▶ [TASK OBJECTIVE]
Copy out the data that follows exactly, leaving out no line.

───── INPUT DATA

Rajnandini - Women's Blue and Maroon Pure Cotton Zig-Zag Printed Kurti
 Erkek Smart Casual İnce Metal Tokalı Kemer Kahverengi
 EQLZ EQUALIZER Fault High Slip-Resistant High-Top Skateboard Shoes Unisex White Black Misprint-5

──────────

▶ [RESULT OF THIS TASK]
Rajnandini - Women's Blue and Maroon Pure Cotton Zig-Zag Printed Kurti
 Erkek Smart Casual İnce Metal Tokalı Kemer Kahverengi
 EQLZ EQUALIZER Fault High Slip-Resistant High-Top Skateboard Shoes Unisex White Black Misprint-5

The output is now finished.